What is the Transcervical Transcarotid Artery Revascularization Technique?

What is the Transcarotid Artery Transcervical Revascularization Technique? What does it consist of?

It is a novel technique for the treatment of carotid stenosis, a narrowing that occurs in the arteries that supply the brain due to the formation of atheroma plaques.

By means of the TCAR technique we are able to access the lesion through a minimal incision at the base of the neck, under local anesthesia. Through a puncture on the common carotid artery a stent is inserted which will solve the stenosis and will restore normal blood flow to the brain stabilizing, in turn, the atheroma plaque.

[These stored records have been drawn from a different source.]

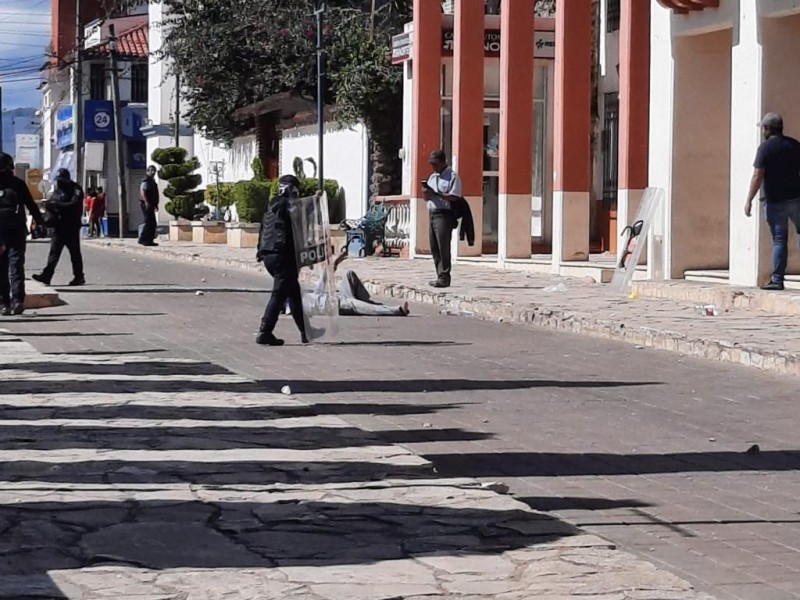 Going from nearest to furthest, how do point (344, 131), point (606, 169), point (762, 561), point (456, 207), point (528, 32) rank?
1. point (762, 561)
2. point (456, 207)
3. point (528, 32)
4. point (606, 169)
5. point (344, 131)

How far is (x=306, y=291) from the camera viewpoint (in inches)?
617

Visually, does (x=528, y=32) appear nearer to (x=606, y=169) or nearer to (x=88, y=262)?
(x=606, y=169)

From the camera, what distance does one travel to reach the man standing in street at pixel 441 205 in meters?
22.0

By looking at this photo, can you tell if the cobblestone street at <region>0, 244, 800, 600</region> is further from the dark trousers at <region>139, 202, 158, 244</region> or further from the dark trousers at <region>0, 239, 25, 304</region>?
the dark trousers at <region>139, 202, 158, 244</region>

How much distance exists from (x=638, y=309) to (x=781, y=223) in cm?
185

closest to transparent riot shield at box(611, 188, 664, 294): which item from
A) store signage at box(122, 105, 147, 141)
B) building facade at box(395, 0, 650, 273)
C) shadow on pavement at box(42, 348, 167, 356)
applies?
building facade at box(395, 0, 650, 273)

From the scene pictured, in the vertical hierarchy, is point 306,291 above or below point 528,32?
below

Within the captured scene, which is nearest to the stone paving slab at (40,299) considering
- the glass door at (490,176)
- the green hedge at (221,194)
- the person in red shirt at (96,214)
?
the glass door at (490,176)

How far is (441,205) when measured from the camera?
22.0 m

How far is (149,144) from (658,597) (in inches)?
2538

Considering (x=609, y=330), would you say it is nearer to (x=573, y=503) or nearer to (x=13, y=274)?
(x=13, y=274)

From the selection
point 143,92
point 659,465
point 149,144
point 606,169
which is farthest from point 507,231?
point 143,92

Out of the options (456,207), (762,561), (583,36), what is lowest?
(762,561)

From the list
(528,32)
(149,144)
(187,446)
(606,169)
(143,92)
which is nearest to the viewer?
(187,446) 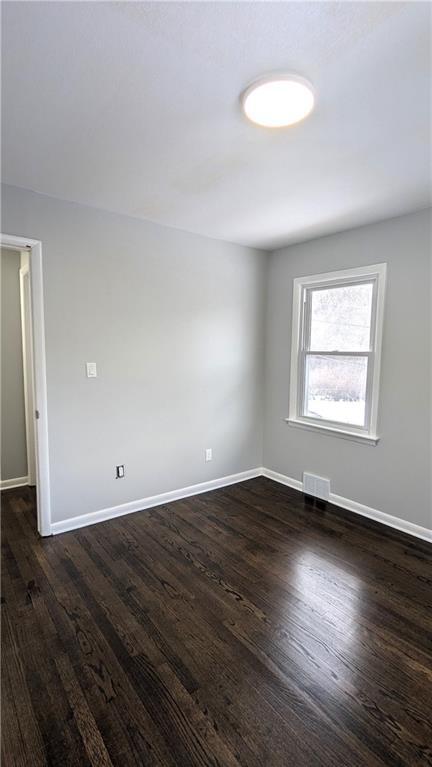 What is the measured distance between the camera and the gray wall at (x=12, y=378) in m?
3.73

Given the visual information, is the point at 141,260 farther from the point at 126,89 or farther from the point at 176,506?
the point at 176,506

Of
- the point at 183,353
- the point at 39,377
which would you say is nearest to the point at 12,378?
the point at 39,377

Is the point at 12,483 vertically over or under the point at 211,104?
under

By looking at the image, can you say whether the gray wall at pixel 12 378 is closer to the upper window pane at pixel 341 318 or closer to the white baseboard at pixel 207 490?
the white baseboard at pixel 207 490

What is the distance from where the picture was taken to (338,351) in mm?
3439

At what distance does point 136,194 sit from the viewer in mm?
2588

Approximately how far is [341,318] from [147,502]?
2.45m

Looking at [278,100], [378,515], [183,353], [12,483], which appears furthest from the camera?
[12,483]

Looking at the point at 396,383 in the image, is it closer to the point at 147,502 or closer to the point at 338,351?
the point at 338,351

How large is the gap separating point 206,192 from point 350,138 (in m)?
0.99

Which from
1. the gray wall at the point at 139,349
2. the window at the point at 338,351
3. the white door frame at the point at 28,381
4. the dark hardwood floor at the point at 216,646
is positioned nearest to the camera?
the dark hardwood floor at the point at 216,646

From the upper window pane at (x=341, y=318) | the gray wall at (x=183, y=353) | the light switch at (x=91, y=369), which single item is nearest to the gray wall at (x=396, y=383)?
the gray wall at (x=183, y=353)

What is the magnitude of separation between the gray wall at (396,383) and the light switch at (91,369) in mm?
2134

The main advantage of the HRCT technique is that, during the entire procedure, we keep the brain protected from possible embolisms with a special system that reverses the flow in the carotid artery, so that no particle can travel to the brain and block any artery causing a heart attack. In addition, the fact that it can be performed under local anesthesia means that the patient can stay awake at all times and alert the surgeon if he/she feels anything strange or is unwell.

Is it possible to prevent a stroke with this technique? How?

Of course, in fact it is the main objective of this technique. Up to 30% of strokes or cerebral infarctions are caused by the presence of stenosis in the carotid artery. With this technique we manage to correct this situation and avoid the appearance of a stroke in the future, stabilizing the atheroma plaque with the Stent and re-establishing a normalized blood flow to the brain.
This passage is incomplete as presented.